Nella mente aleggia continuamente il pensiero: chissà dove saremo tra un
mese? Domenica.
Per mia fortuna l'invito a redigere questo diario arriva dopo che ho
cominciato a scrivere un nuovo racconto. Se così non fosse temo che
queste mie cronache sarebbero molto deprimenti. E' già passato qualche
mese da che ho terminato il mio ultimo romanzo e mi rendo conto che il
fatto di non essere occupato nella stesura di un libro influisce
negativamente su di me. Quando non scrivo ho la sensazione di non capire
veramente ciò che mi succede. Gli avvenimenti, le esternazioni, gli
incontri paiono esistere solo "l'uno di fianco all'altro", senza
alcuna connessione tra loro. Ma dal momento in cui mi dedico a un nuovo
racconto tutto si ricompatta in un'unica trama: ogni avvenimento ne
alimenta un altro e lo carica di vitalità. Ogni cosa che vedo, ogni
persona che incontro è un "suggerimento" che mi viene inviato e
che attende di essere interpretato. Sto
scrivendo la storia di un uomo e di una donna. A dire il vero nelle mie
intenzioni il protagonista avrebbe dovuto essere solo l'uomo ma la donna,
un personaggio in cui si imbatte per caso e che avrebbe dovuto limitarsi
ad ascoltare la sua storia, d'un tratto mi pare interessante quanto lui.

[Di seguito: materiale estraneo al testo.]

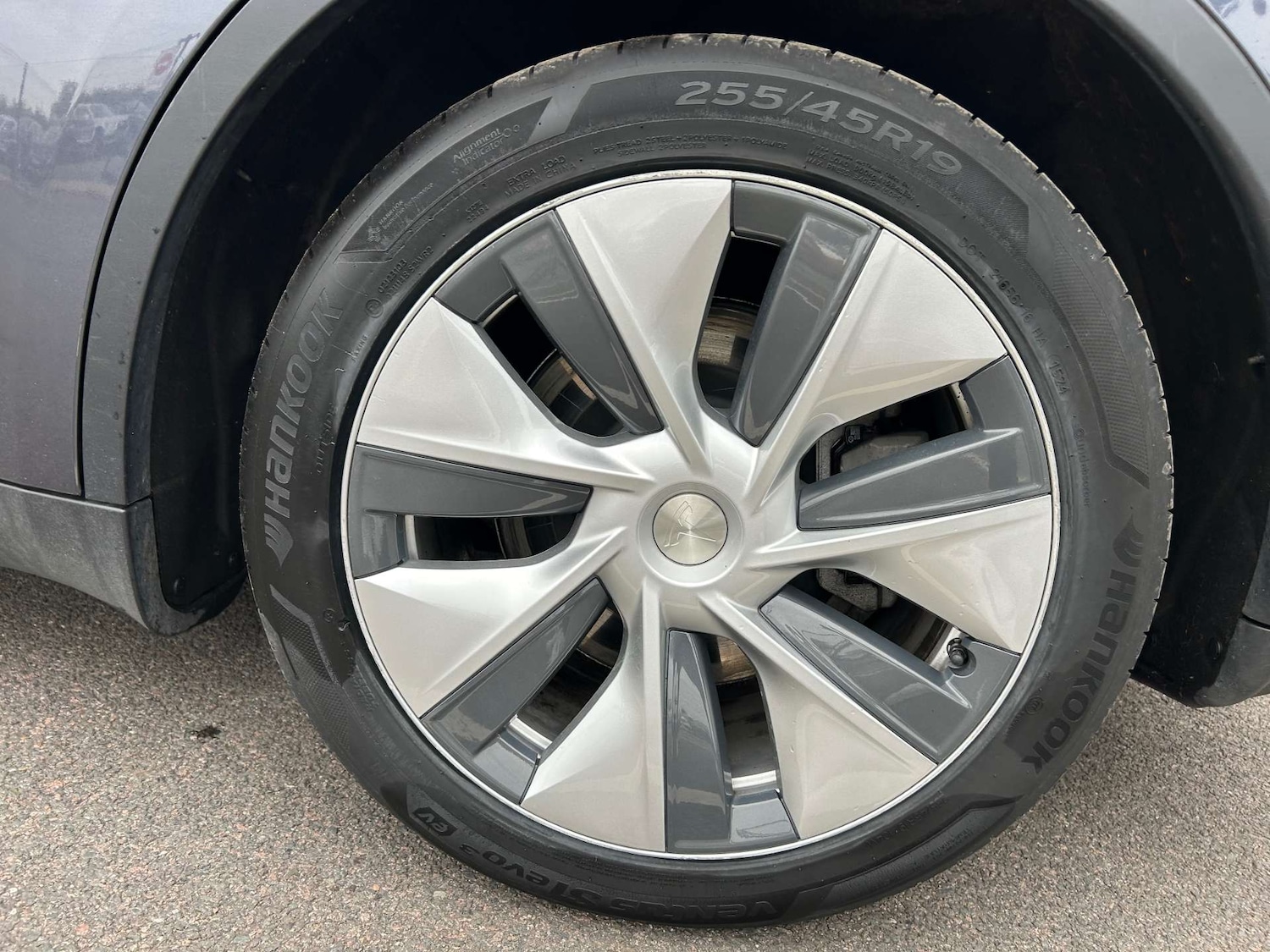 Used Tesla Model Y 2023 for sale - 75966391: Photo 13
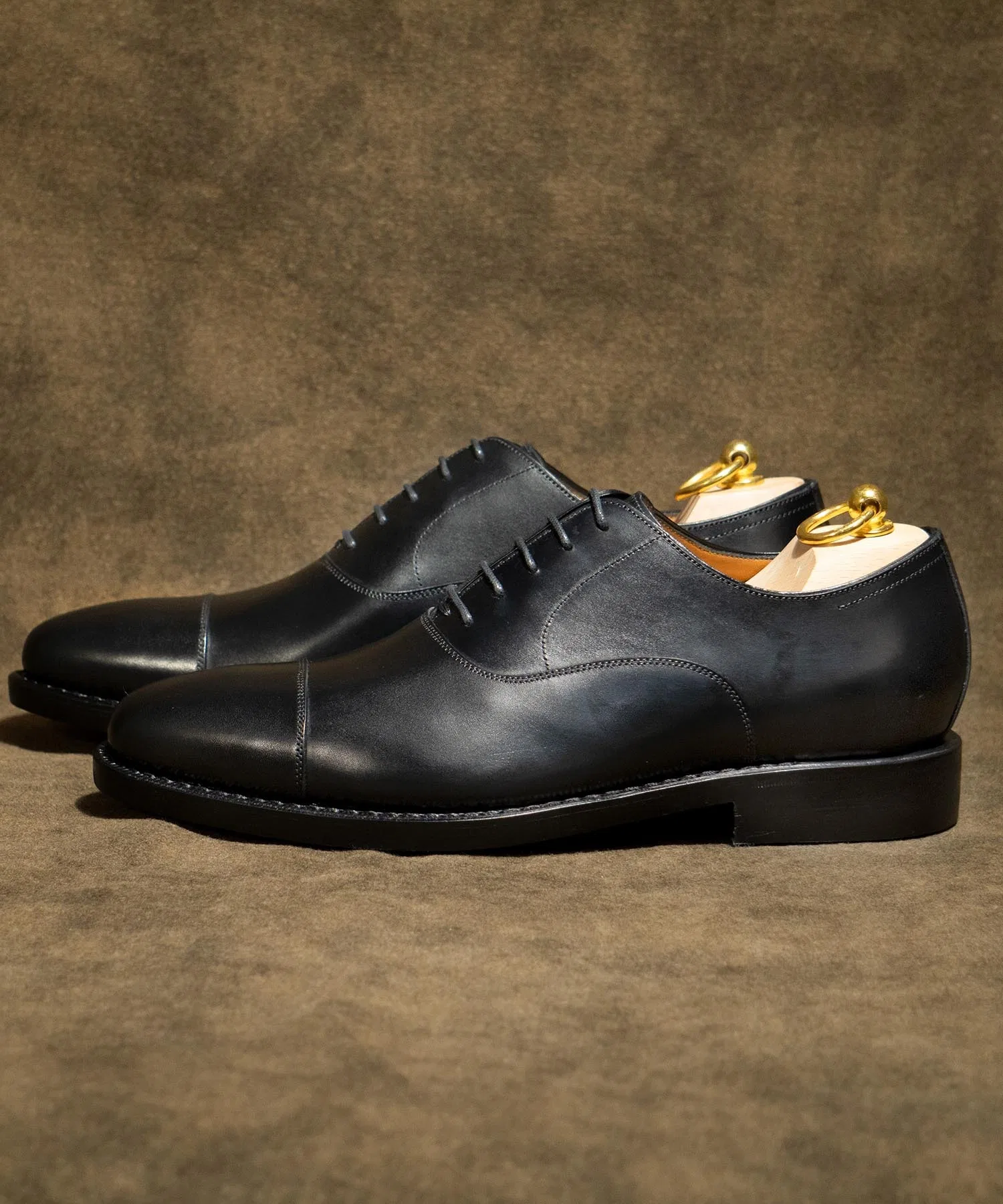 Мужские туфли Jalan Sriwijaya 98321 Bandung из телячьей кожи с подошвой Dainite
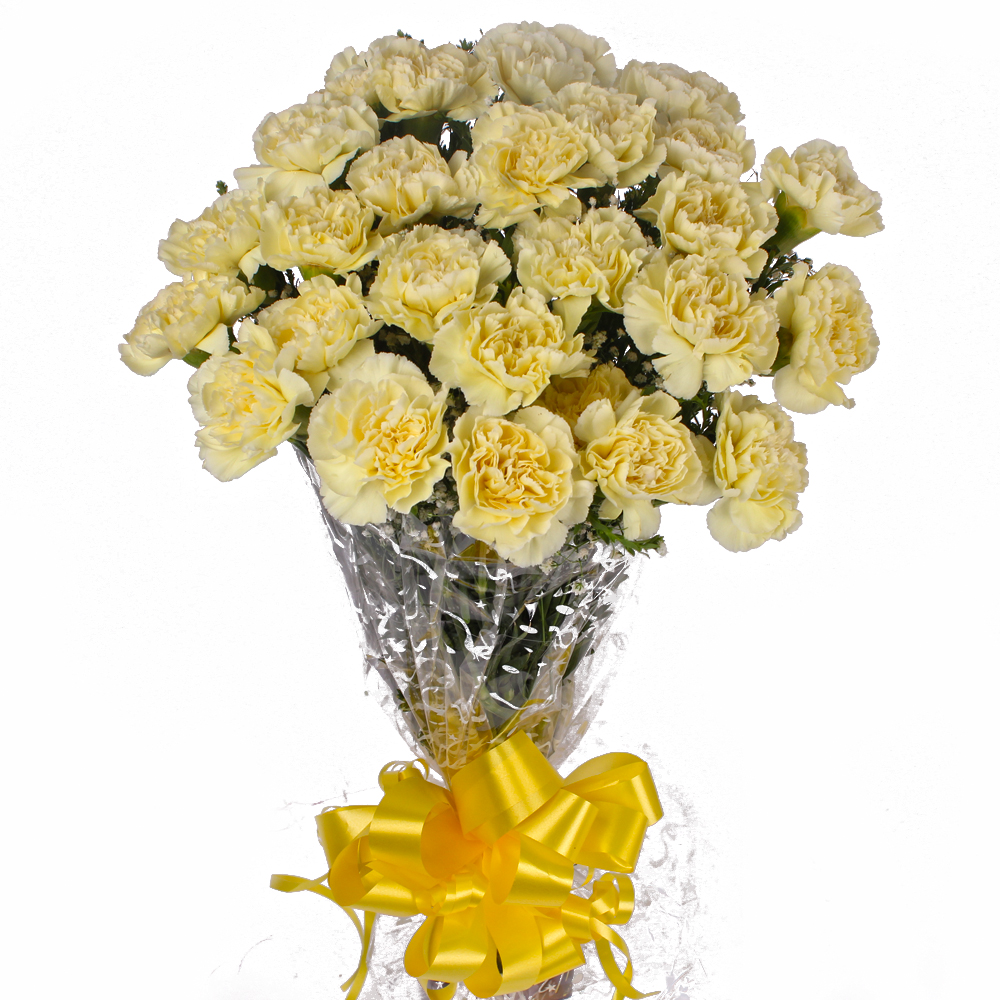 Bouquet of 23 Yellow Carnations with Cellophane Packing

Mi chiedo se sia giusto, da un punto di vista letterario, concederle tanto
spazio. Il suo personaggio sta spostando il centro di gravità del
racconto e ne turba il fragile equilibrio. Ieri notte mi sono svegliato
pensando che avrei dovuto eliminarla e sostituirla con un altro
personaggio, più "defilato", che non metta in ombra il
protagonista. Ma al mattino, quando l'ho vista sulla carta, non sono stato
capace di separarmi da lei. E non lo farò fintanto che non la conoscerò
meglio. Ho scritto di lei per tutto il giorno. Ora
è quasi mezzanotte. Quando scrivo un racconto cerco di addormentarmi con
un'idea appena abbozzata, non ben definita, con la speranza che durante la
notte, nei miei sogni, prenda forma. E' così stimolante e ritemprante
liberarsi, grazie alla scrittura, dello sconforto di vivere in un luogo
sciagurato. E' talmente bello tornare a sentirsi vivi...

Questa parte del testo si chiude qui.